My parents are divorced. My wife’s parents are divorced as well. Those divorces lead to some head-scratching for our kids, 6 & 4. When we say that Poppy was married to Nana before married to Gramsy and Papa, it gets confusing. Same on my wife’s side of the family.
It’s not a bad thing but it does bring up some questions. Like this one at the dinner table the other day:
“When did Poppy and Nana start arguing before they got divorced?”
The question came as a shock, like when one of your favorite characters in a book or movie suddenly gets killed. You shake your head and aren’t sure how to respond.
“Well, that’s not a simple question, buddy,” I said. “Yes,” said my wife. “Sometimes when people are married or even friends, they argue.”
Then, 6 hit us with the uppercut follow-up question:
“When are you guys gonna get divorced because you argue a lot.”
My wife and I exchanged glances and briefly smiled. We were surprised by his question but also surprised at he interprets life in our home. My wife and I do argue. It’s not “Leave it to Beaver” around our house.
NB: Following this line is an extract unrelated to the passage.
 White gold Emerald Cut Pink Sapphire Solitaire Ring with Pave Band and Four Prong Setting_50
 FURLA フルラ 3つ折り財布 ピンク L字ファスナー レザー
We’ve also known each other for almost 20 years and have developed a way of communicating that works for us.
“Mommy and Daddy might argue sometimes but we’ve been together a long time and we know that we love each other and we’re not ever planning on getting divorced,” my wife told him.
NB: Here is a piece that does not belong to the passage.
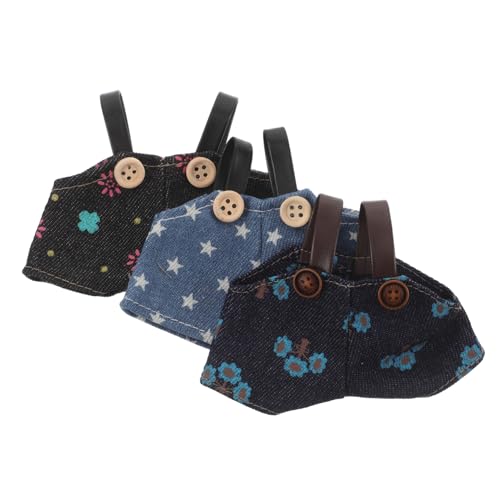 Toddmomy 3 Stück Teiliges Puppenhosen Weiche Baumwoll-Overalls DIY Plüschbären Kleidung Niedliche Doll Outfits Passende Puppenkleidung für Stofftiere zum Anziehen und Verkleiden von Toddmomy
His concern did cause my wife and I to inspect our relationship, however. Here’s what we do:
We hug in front of our kids.
We tell each other that we love each other.
We do hold hands and are physically demonstrative to one another.
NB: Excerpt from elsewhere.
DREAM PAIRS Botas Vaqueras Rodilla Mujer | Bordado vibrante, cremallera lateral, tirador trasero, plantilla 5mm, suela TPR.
Yet 6 hears us argue from time and time. Our arguments usually aren’t screaming matches that rattle the walls or send the neighbors into a panic for our safety. We tend to argue with sarcasm and exaggeration. It’s not healthy, I’ll admit. But our arguments do not linger. They happen. We get over it and move on.
Still, if that’s how 6 sees us — as arguing and sniping — and he’s wondering if it will lead to the break-up of our marriage, we need to work harder to make him secure in the security of our union.
Has this ever happened to you? How do you argue? How do your kids view your arguments?